How do I, a former member of a fraternity that flew the Confederate Battle flag and who revered Robert E. Lee as its spiritual founder, come to a proposal to solve the Silent Sam impasse?

History was so important to my mother that this Person County farm girl researched her family history so she could belong to both the DAR and the United Daughters of the Confederacy.

In the Smithfield First Baptist Church we sang “Red and yellow, black and white, they are precious in His sight.” Little did they know what seeds were being planted. As I entered UNC in 1958 I was beginning to wrestle with the contradictions of life in the segregated South.

In April 1962 the bi-annual Carolina Symposium brought Durham Attorney Floyd McKissick to campus, who told of police mistreating him in his hometown of Asheville when he was a boy. Having answered President John Kennedy’s call, I entered the Peace Corps, one of the first UNC undergraduates to serve. I was sent to the multiracial Dominican Republic. Pictures of youthful demonstrators being attacked by police dogs and pushed off the streets by firehoses in Birmingham, Ala., were on the front pages of the newspapers there. And it was a volunteer’s job to explain that if a young Dominican of dark skin came to the U. S., rocks would not be thrown at him.
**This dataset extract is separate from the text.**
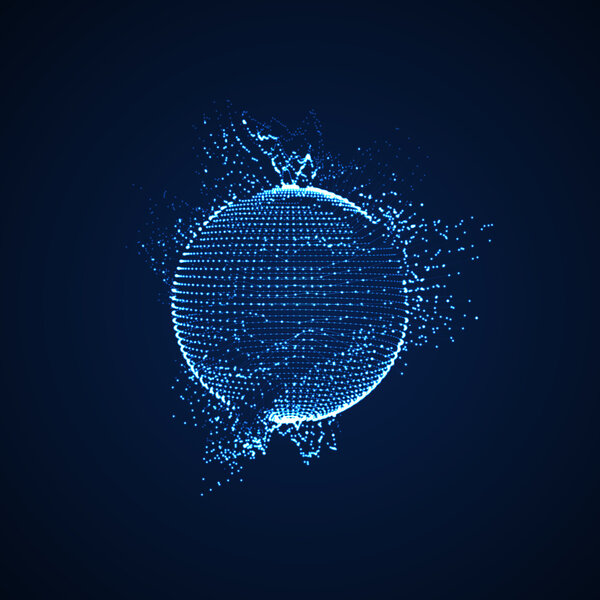 3D освещаемая искажённая сфера светящихся частиц и проводников
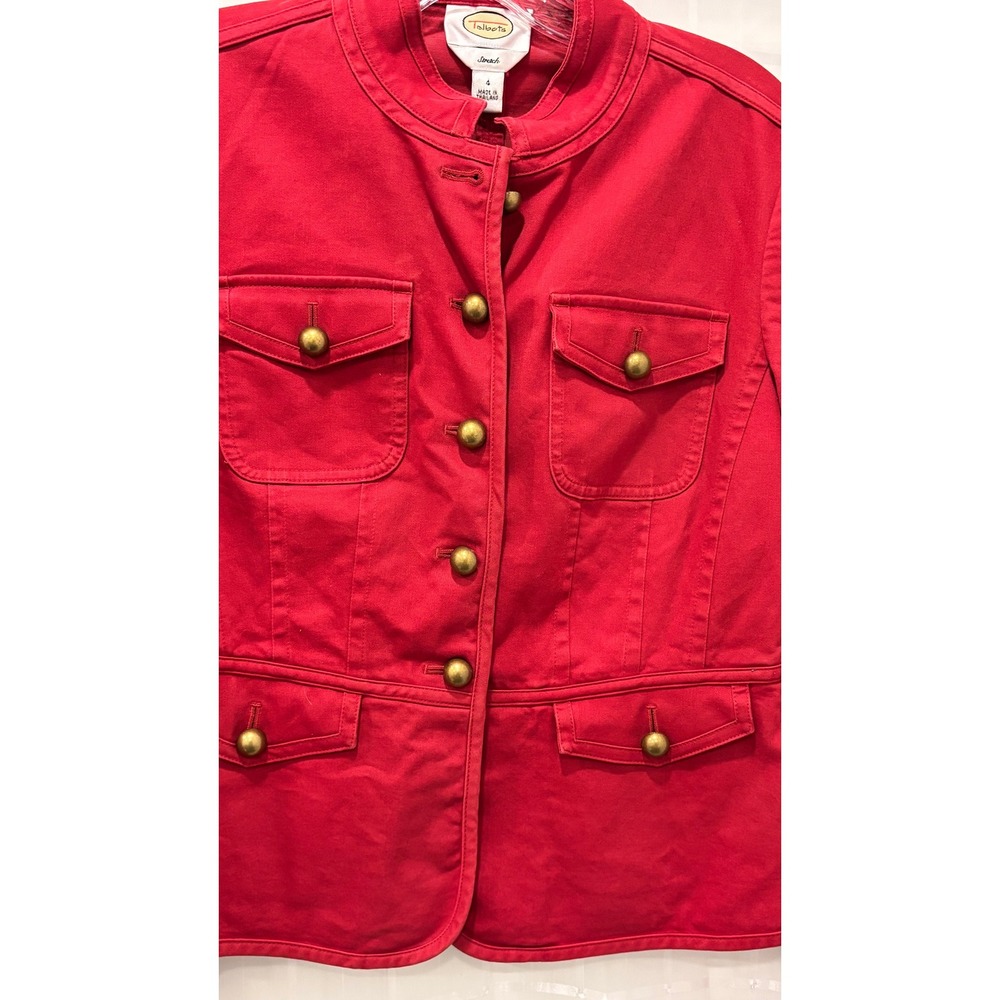 Talbots Womens Red Military Utility Jacket Stretch Cotton Button Front Size 4 - Picture 4 of 11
Simple contextualization by one plaque on the base of Silent Sam is inadequate. And as you read my “Mediator’s Proposal,” you may think that what is being suggested is more than balance. But before you reach that conclusion, visit Memorial Hall, a campus block away, and note the frequency of the letters C.S.A. (signifying service in the Army of the Confederate States of America) among the affiliations of many of the men honored, as well as mention of membership in the N. C. Convention of 1861, which approved Secession.

To get serious discussion started, let Silent Sam be kept in storage until two memorial monuments are designed and installed. Those two monuments would honor those African-Americans who have contributed to progress in North Carolina and our nation.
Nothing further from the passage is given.